El día en el que murió la fiesta en Madrid

En una misma noche de hace dos años se cerraron Stella y Tribeca. La escena de la música electrónica cambió para siempre, pero hasta entonces fue la hostia.

La madrugada del 20 de julio del 2013 fue la noche de los cuchillos largos para los amantes de la electrónica en Madrid. El fin de lo que para mí fue la Nueva Movida madrileña. 'Operación colibrí', ésta era la contraseña que usaban los alemanes para enviar a los escuadrones de ejecución el día elegido. Y ese día llegó. En este caso, la ejecutora fue la Policía de Madrid.

Esa noche todo se fue al garete. Cerraron el mejor club que ha tenido esta ciudad: era nuestro Studio 54. Situado en la mítica calle Arlabán, 7, la sala Stella se conocía popularmente como Mondo.
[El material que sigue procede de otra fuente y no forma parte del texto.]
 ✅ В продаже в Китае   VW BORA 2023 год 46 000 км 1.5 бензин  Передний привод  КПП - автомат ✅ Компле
Durante más de una década, ese lugar fue un oasis en medio del desierto para los amantes del buen gusto musical, del techno de última generación, de las modas callejeras más potentes, hogar de modernos, de puretas, de jóvenes, de amantes de la electrónica… Mondo era sinónimo de todo lo que molaba en ese momento y tenía una de las mejores programaciones musicales de Europa. Cuando la sesión se acercaba a su fin y se encendían las luces, lo que había sucedido solo lo podíamos entender los que habíamos estado sudando durante horas allí abajo.

Publicidad

Los jueves y los sábados la ciudad se preparaba para un acontecimiento nocturno donde visitantes de todos los lugares del mundo y asiduos del lugar nos fundíamos al compás de nuestras dilatadas pupilas y del sonido de la música. Bajo esa luz blanquecina creías entrar en el cielo como Patrick Swayze en Ghost. Las caras de gustera de la gente eran dignas de las pinturas negras de Goya. Durante esos instantes, los allí presentes éramos buenos cristianos en la misa de domingo y la comunión era perfecta. Todos íbamos a la Eucaristía, comulgábamos y nos dábamos después fraternalmente la paz. Gloria al Señor. Te rogamos, óyenos.
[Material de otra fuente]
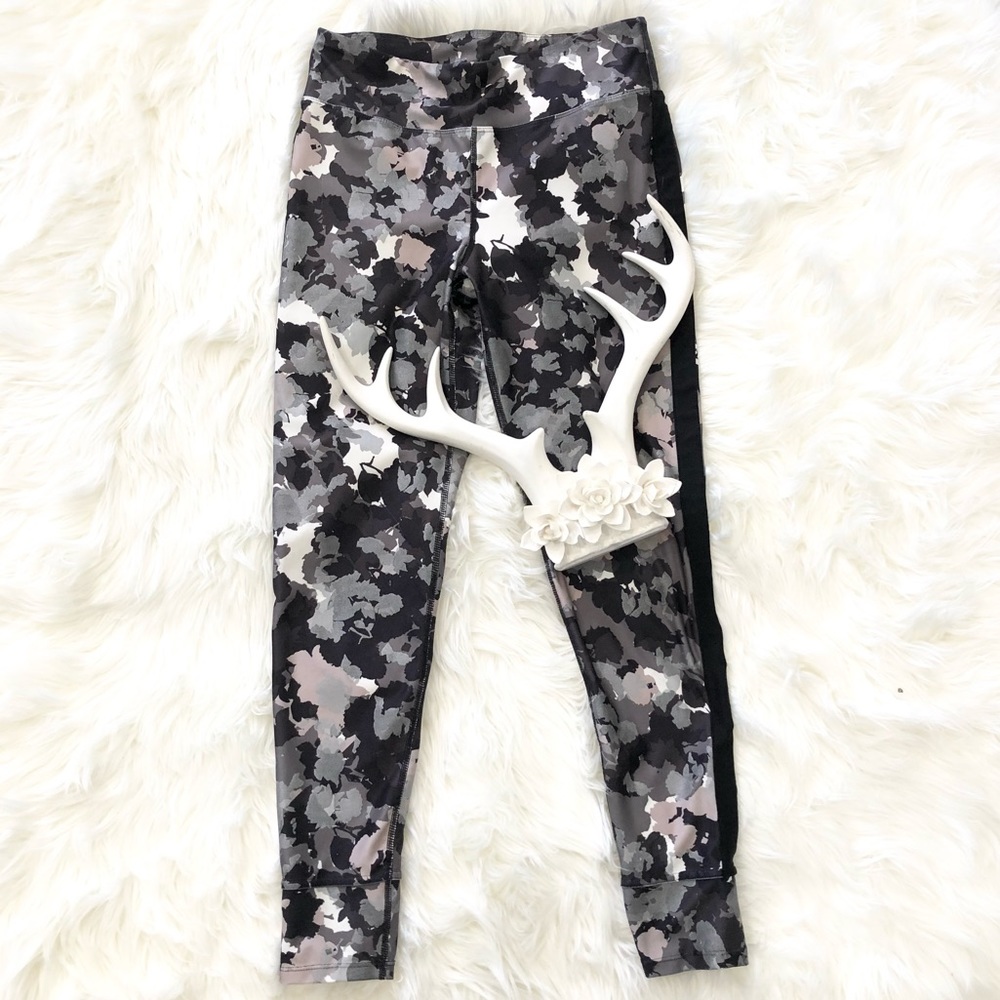 Joy Lab Workout Pants Black Gray Camo Print Medium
Allí todo estaba bien, todo encajaba. En el ambiente solo se respiraban buenas vibraciones y una energía flotando casi incontrolable. Cuando subías las escaleras y pisabas el mundo real, solo podías contar las horas que faltaban para que se volvieran a abrir sus puertas. La sala Stella fue la joya nocturna que tuvo Madrid. Allí vivimos cada noche nuestra propia Movida. Nunca habrá nada que se le parezca. (O sí, quién sabe).
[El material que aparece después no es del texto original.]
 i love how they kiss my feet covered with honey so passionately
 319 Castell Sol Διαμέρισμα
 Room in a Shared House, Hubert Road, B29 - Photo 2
Mondo se había convertido en una religión para nosotros. Casi una obsesión. Durante doce años asistí como su fiel apóstol a esa sala. Peregrinando hasta esa calle, llevándome nuevos creyentes de todas las partes de la geografía española. Son incalculables las horas de cola que todo el mundo nos hemos comido allí. Pasando frío, lluvia y largas esperas hasta que te llegaba el turno. En la puerta te esperaba el mejor portero de la ciudad (él sabe bien quién es). Cuando pagabas y bajabas, sentías el cosquilleo en tu estomago porque sabías que en breve empezaba la aventura. Era como comprar los tickets para un parque de atracciones. Escuchabas los bajos en tu tripa y ya estabas atacado perdido buscando un buen sitio donde gozar bien de la noche.

Publicidad

Recuerdo que una de las camareras estaba tan buena y tenía tanto estilo que la bautizamos como Miss Mondo. Era una especie de diosa del Olimpo con la que te costaba mantener la mirada más de dos segundos cuando te preguntaba qué querías tomar. Lo primero que hacíamos eran las correspondientes compras. Durante una década imaginaros cómo han ido variando. Entrabas al supermercado con tu carrito e ibas eligiendo. Hubo un tiempo que desapareció el speed, otro que desaparecieron las pastillas y otros años que escaseaba el 'M'.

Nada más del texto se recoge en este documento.